- [GIVEN RECORDS]
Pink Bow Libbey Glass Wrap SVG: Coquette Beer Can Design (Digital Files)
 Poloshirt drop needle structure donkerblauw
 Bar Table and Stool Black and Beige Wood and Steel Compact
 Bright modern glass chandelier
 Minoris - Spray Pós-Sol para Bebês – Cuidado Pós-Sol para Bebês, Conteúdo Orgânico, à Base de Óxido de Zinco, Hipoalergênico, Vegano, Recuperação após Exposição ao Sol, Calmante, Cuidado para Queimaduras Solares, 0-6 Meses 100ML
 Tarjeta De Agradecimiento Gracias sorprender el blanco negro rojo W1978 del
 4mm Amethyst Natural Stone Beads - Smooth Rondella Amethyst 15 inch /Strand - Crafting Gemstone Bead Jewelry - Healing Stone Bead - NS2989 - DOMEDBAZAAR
...
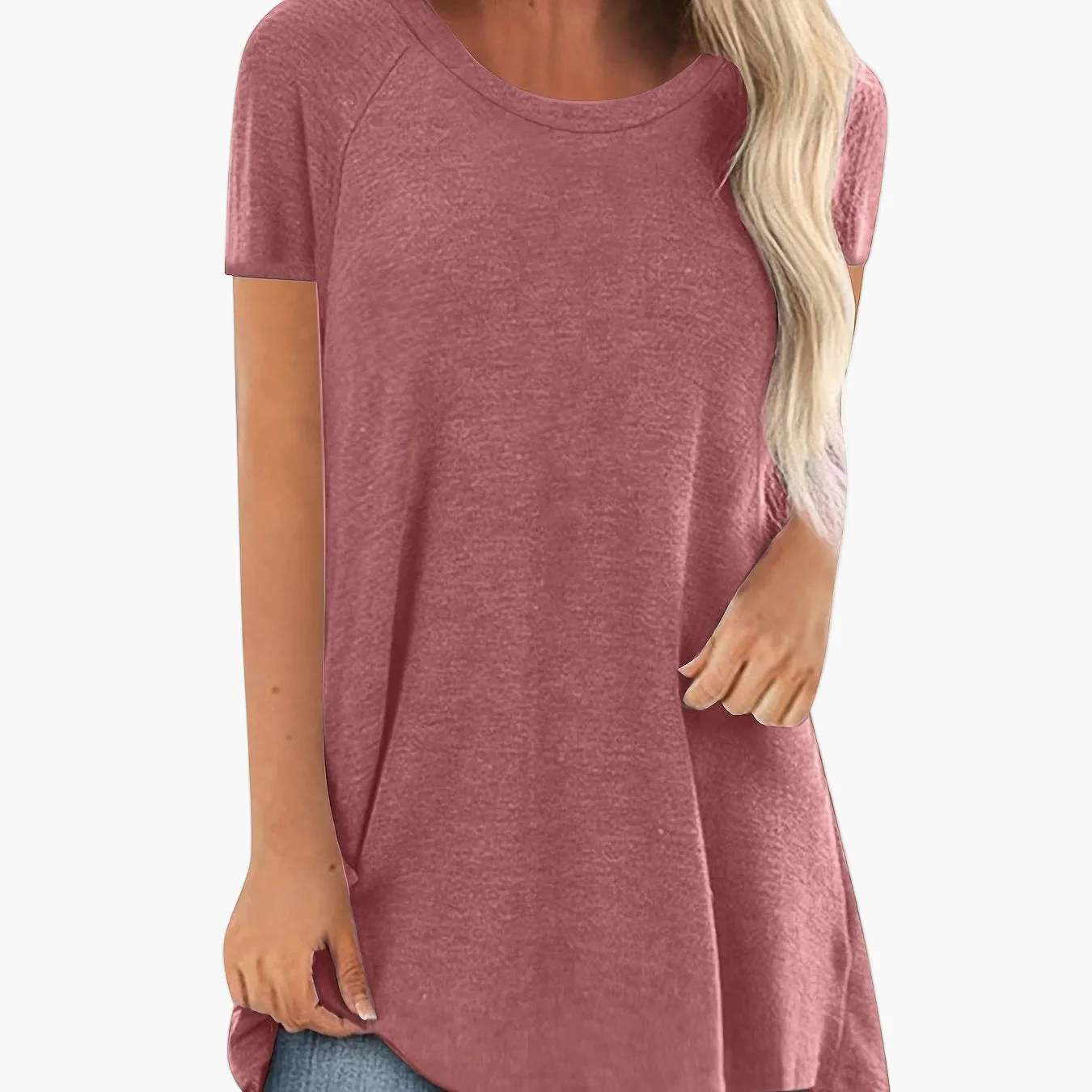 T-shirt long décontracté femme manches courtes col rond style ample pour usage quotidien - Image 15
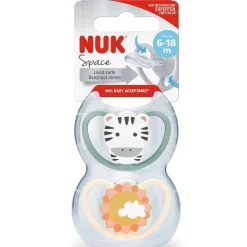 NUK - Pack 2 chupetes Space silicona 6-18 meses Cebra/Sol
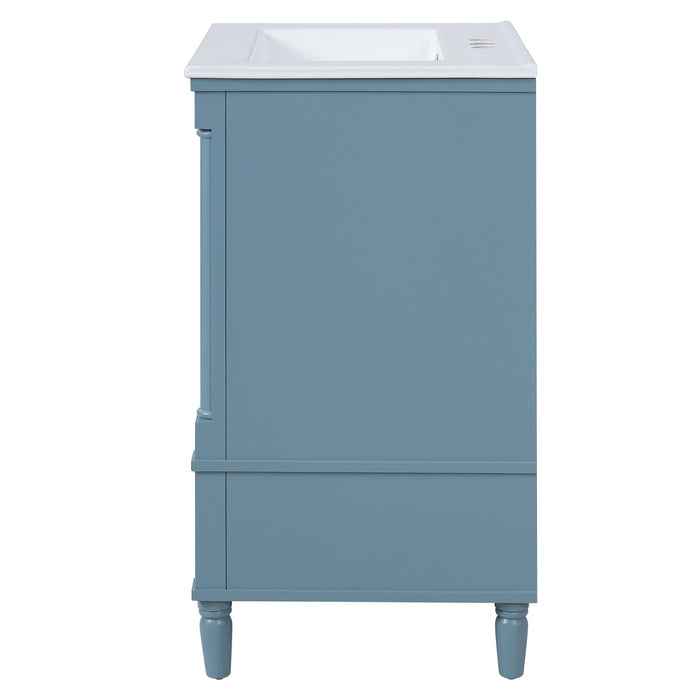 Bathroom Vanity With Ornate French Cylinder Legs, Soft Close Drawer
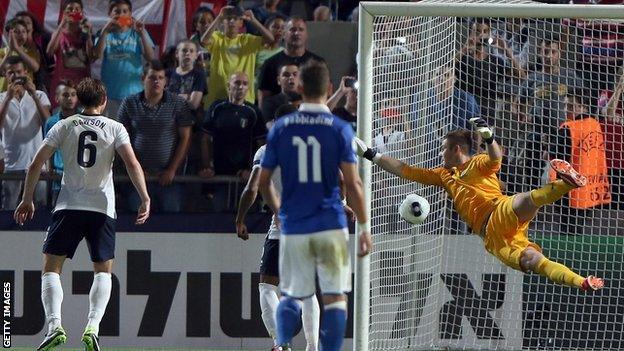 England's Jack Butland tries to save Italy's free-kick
---
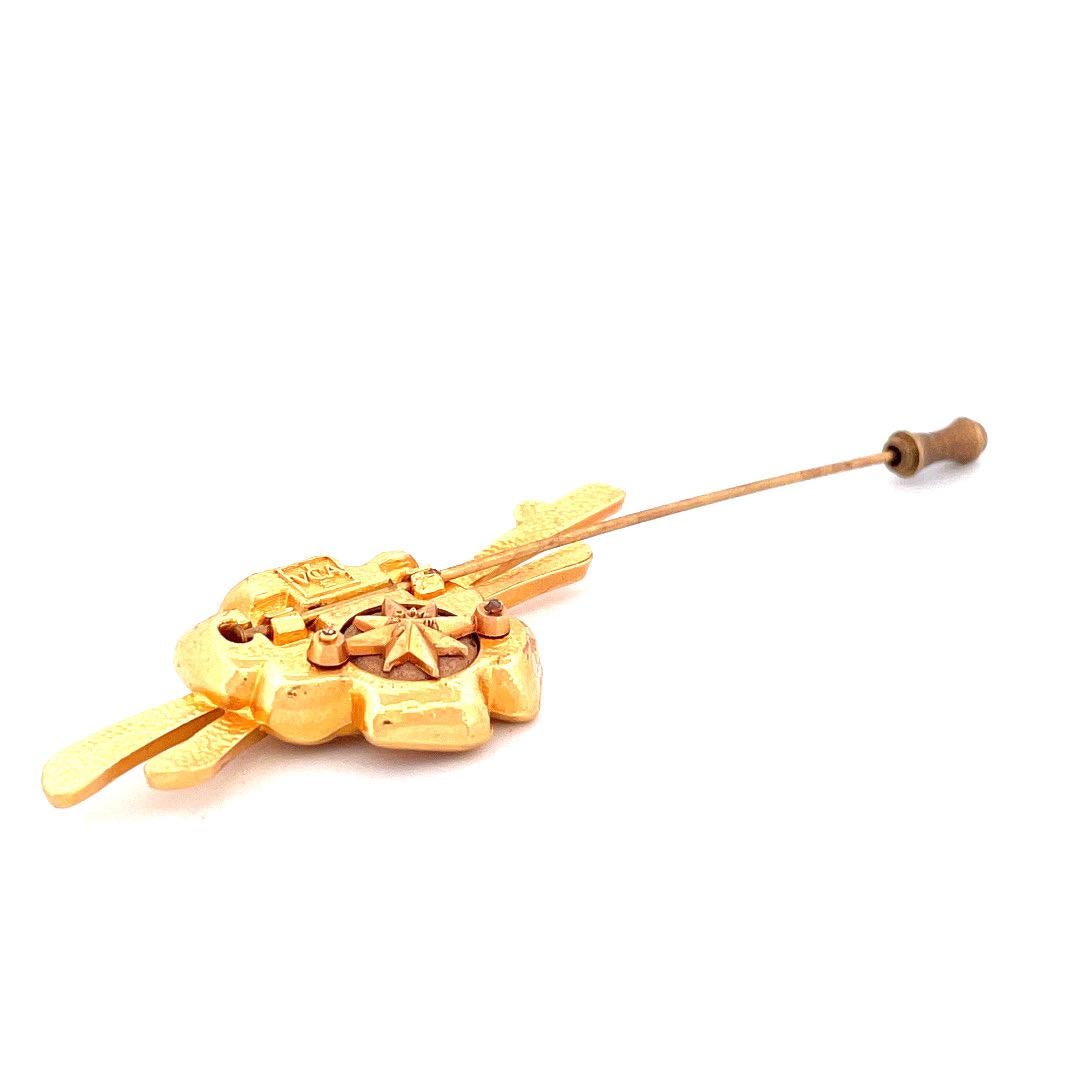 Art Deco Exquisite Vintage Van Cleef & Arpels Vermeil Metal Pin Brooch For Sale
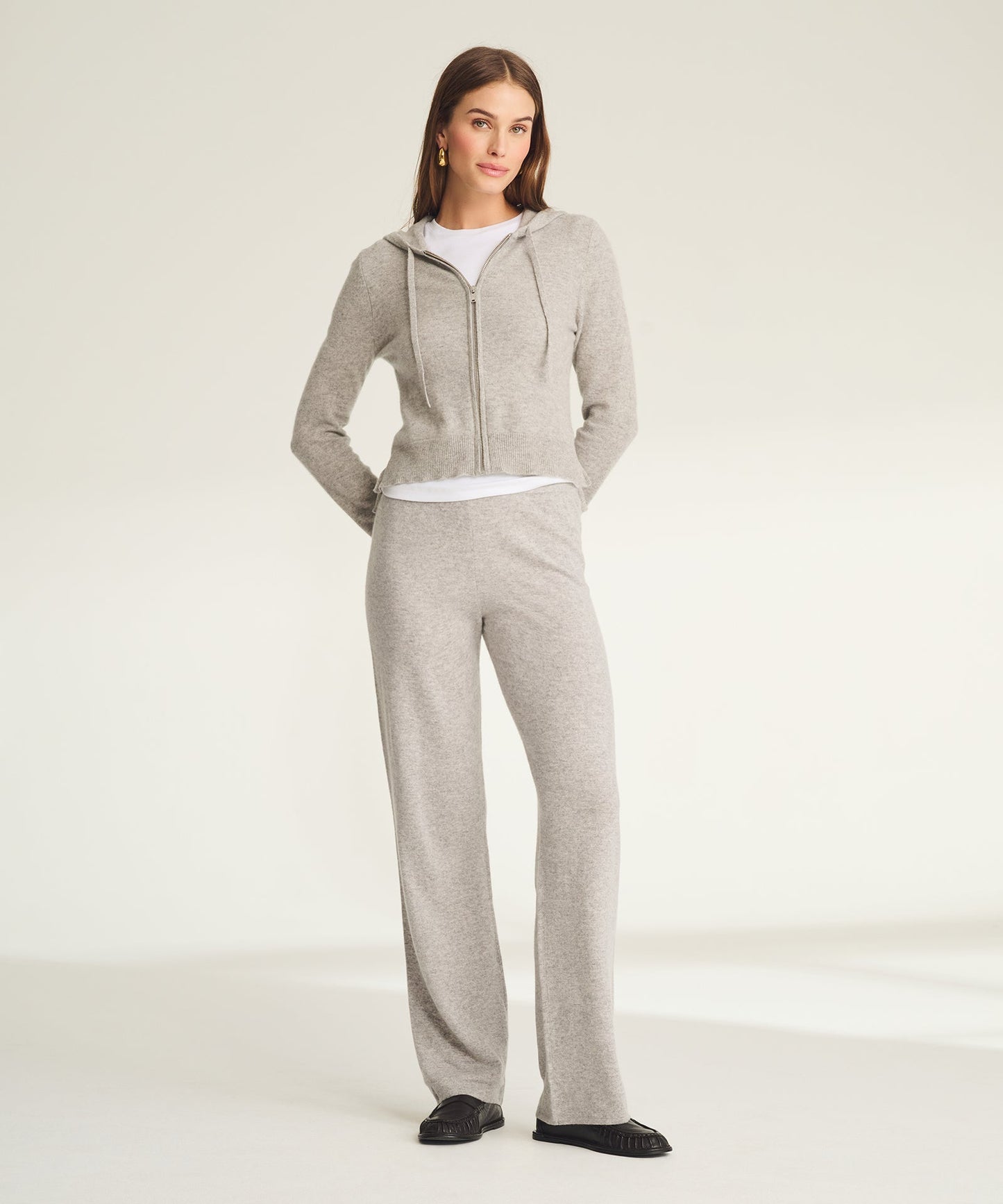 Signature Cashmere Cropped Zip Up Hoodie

- [TASK] After locating the line with "Pink Bow Libbey" above, return that line and every later line through the one with "Minoris - Spray", word for word and with nothing else.

- [RESULT]
Pink Bow Libbey Glass Wrap SVG: Coquette Beer Can Design (Digital Files)
 Poloshirt drop needle structure donkerblauw
 Bar Table and Stool Black and Beige Wood and Steel Compact
 Bright modern glass chandelier
 Minoris - Spray Pós-Sol para Bebês – Cuidado Pós-Sol para Bebês, Conteúdo Orgânico, à Base de Óxido de Zinco, Hipoalergênico, Vegano, Recuperação após Exposição ao Sol, Calmante, Cuidado para Queimaduras Solares, 0-6 Meses 100ML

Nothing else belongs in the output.